Plugging in or training your own model

The input is in the data point under input (fields modality, language, content, optionally image_path). The target is runnable PyADM1ODE code that builds the plant. The reference for comparison is under reference (components + connections as a typed graph). gold.py shows a correct implementation per plant.

The quickest path is interactively in the notebook. For automated runs there are two scripted ways (A and B).

A) Generate code offline, then score

Have your model produce Python code per data point and save it as <datapoint-id>.py in a folder. Then:

python benchmark/eval/batch.py --candidates path/to/model_outputs

batch.py runs each candidate in isolation and scores it. If a <id>.response.json sits next to <id>.py, it feeds into the missing-values score.

B) Directly via solve.py (API)

solve.py is a full run including oracle rounds. By default it uses the Groq API. For your own model, only the client section in solve.py needs adapting; the rest of the workflow (prompt, oracle, scoring) stays the same.

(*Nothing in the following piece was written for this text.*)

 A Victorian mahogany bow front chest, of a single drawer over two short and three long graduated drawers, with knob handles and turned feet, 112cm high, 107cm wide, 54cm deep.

pip install groq          # or your own client library
export GROQ_API_KEY=...    # or your own API key
python benchmark/eval/solve.py --regime fully_specified   # simplest entry point

response.json (for the missing-values score)

For underspecified data points, what counts is whether a missing field was asked or plausibly filled in. A structured response next to the code makes this explicit:

{
  "open_questions": [{"field": "chp.P_el_nom"}, {"field": "sep.source"}],
  "assumptions":    [{"field": "F1.T_ad", "value": 313.15}]
}

If the model asks about a missing_ask field or fills it plausibly within the band, that counts as correct. Silently inventing an implausible value is the worst error.

Programmatic access

The manifest dataset/index.json lists all data points with id, path, language, modality, regime:

import json
from pathlib import Path

root = Path("benchmark/dataset")
index = json.loads((root / "index.json").read_text(encoding="utf-8"))

for entry in index["datapoints"]:
    dp = json.loads((root / entry["path"]).read_text(encoding="utf-8"))
    task = dp["input"]["content"]        # description for the model
    reference = dp["reference"]          # target plant (components + connections)
    # ... call your own model, generate code, score ...

Scoring

Three scores are computed:

  1. Structure – components (matched by type, not by name) and connections.
  2. Measures – simulated parameters (V_liq, V_gas, T_ad, P_el_nom, …) within the acceptance band.
  3. Missing values – asked or plausibly filled instead of silently invented.

How the final score is produced is explained in Scoring & Workflow. You can explore the dataset visually in the Viewer.